Tivemos no passado um grande pioneiro do diálogo com a cultura chinesa na pessoa do padre jesuíta Matteo Ricci (1552-1610), um missionário ocidental que compreendeu que, sem conhecer a sua cultura, não há como dialogar com chineses. Ricci abriu caminhos, conseguiu elaborar uma síntese entre a filosofia de Confúcio e a cultura católica da época, ousou falar em Deus recorrendo a conceituações chinesas tradicionais como mandato-do-céu, tudo-sob-o-céu, filho-do-céu, imperador-de-cima, senhor-do-céu. Depois de sua morte, a tentativa de Ricci foi interrompida pelas autoridades do Vaticano.

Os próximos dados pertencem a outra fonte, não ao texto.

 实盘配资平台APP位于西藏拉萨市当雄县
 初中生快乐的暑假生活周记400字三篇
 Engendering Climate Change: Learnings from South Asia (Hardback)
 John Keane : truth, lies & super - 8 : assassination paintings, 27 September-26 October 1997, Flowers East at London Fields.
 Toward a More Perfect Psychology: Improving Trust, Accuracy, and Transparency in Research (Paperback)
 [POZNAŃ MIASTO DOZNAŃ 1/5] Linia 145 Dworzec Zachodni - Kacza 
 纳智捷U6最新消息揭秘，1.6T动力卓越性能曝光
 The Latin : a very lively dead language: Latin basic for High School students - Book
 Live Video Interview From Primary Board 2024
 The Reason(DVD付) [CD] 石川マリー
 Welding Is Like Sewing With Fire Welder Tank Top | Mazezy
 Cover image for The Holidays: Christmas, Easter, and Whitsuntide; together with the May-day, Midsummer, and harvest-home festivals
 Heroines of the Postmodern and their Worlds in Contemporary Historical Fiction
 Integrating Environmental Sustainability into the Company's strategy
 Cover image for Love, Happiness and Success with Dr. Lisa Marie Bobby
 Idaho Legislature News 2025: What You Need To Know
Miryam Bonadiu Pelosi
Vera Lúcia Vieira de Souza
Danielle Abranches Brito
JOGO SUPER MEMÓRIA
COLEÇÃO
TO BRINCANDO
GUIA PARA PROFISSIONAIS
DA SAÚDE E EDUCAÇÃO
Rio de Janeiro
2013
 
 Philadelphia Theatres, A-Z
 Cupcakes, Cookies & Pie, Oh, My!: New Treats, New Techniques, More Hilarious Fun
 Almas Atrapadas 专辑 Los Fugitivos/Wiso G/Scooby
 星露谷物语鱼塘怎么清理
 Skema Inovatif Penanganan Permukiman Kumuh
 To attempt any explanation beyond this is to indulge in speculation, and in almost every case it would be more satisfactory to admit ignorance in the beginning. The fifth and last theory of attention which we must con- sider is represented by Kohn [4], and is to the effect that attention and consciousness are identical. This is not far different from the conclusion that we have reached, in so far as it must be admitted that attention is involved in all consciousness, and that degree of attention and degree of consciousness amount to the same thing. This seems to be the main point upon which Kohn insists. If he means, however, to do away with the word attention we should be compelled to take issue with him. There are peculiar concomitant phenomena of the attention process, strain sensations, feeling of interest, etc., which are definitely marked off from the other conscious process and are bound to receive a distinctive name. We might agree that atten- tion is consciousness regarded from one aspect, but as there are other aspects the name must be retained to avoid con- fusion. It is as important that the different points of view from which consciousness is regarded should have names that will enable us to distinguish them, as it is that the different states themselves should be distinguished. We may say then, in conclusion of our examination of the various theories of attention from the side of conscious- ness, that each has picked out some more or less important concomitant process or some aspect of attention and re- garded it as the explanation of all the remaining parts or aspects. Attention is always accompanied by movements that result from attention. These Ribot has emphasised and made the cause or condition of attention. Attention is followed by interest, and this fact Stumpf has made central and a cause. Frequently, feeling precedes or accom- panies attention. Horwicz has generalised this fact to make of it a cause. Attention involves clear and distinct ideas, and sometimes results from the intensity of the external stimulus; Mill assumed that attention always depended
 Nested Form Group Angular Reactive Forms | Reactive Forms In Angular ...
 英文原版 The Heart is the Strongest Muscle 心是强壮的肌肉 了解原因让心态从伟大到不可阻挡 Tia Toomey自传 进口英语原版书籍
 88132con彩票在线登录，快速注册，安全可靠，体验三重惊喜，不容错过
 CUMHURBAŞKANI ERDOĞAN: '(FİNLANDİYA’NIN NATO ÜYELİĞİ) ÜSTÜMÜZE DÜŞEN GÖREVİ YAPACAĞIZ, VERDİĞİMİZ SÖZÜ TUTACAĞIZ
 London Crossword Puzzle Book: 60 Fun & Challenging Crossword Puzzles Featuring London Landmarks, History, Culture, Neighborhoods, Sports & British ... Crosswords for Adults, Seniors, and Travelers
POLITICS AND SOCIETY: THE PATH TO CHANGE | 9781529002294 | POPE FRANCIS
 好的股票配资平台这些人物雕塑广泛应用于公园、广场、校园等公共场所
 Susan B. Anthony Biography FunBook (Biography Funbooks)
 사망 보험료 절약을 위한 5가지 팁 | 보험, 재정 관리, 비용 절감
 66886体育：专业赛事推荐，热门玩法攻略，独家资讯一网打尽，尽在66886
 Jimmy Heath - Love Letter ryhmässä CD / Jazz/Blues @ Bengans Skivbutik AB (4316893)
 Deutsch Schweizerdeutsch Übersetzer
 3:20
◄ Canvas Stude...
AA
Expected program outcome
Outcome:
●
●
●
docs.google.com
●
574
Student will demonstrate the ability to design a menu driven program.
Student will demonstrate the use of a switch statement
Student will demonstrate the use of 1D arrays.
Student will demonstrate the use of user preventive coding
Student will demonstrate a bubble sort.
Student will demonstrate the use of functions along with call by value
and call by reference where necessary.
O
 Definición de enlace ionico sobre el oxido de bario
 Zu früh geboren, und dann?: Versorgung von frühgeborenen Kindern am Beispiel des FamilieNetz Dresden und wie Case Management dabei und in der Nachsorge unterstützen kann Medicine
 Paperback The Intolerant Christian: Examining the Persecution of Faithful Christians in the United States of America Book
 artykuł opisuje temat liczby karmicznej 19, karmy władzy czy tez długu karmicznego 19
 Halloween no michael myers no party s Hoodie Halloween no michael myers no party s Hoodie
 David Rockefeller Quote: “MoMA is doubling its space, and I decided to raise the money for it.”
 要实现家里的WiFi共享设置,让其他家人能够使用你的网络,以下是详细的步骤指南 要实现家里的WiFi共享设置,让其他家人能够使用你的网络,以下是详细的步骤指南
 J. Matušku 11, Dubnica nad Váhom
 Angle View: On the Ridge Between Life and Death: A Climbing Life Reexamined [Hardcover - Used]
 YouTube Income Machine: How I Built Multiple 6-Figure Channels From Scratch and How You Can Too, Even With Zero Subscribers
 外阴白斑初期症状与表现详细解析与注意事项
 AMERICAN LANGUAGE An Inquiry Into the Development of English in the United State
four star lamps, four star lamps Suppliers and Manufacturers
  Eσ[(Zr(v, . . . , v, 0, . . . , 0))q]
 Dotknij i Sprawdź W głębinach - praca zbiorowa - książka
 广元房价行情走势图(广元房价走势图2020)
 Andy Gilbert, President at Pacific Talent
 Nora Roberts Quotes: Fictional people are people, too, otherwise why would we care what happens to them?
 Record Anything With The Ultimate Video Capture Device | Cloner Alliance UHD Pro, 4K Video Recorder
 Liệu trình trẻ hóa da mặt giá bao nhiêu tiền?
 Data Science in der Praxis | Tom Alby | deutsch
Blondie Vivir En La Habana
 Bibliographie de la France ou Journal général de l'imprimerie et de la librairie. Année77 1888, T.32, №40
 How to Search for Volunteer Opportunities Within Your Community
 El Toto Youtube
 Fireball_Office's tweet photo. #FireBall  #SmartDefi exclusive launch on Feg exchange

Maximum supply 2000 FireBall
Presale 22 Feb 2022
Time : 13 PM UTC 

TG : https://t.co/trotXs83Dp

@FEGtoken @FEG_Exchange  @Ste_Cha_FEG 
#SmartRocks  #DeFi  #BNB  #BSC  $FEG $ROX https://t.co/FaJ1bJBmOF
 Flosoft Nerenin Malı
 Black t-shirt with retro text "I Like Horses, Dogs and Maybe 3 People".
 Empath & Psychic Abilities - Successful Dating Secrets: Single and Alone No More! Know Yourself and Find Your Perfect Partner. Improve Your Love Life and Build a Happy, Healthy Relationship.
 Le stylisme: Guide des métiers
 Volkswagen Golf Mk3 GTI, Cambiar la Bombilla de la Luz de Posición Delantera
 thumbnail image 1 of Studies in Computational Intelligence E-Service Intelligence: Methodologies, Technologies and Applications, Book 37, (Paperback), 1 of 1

No que li sobre Confúcio (551-479 aC), entendi que ele demonstrou preocupação com o que se passava nas comunidades agrícolas da China de seu tempo. Querendo formar administradores honestos daquelas fazendas, ele escreveu conselhos que combinam ética com filosofia, sabedoria religiosa com virtude. E criou um modelo organizacional que o reformador indiano Buda seguiria mais tarde: inserir experiências monásticas em comunidades camponesas, para que monges letrados ensinem a camponeses iletrados com viver e defender seus direitos. Prático e ético, o trabalho de Confúcio tem, pois, um caráter secular. Ele não criou nem religião, nem sacerdócio. E rejeitou tentativas de sua própria divinização. Sacerdote não, monge educador sim. Confúcio deixou poucos textos, mas moldou definitivamente o caráter do povo chinês.
Evoco apenas o caso chinês, pois este texto é apenas um aceno. Espero que ajude a compreender que um diálogo em profundidade com as culturas budistas e maometanas, só para dar dois exemplos conhecidos, deve ser igualmente bastante exigente, imagino.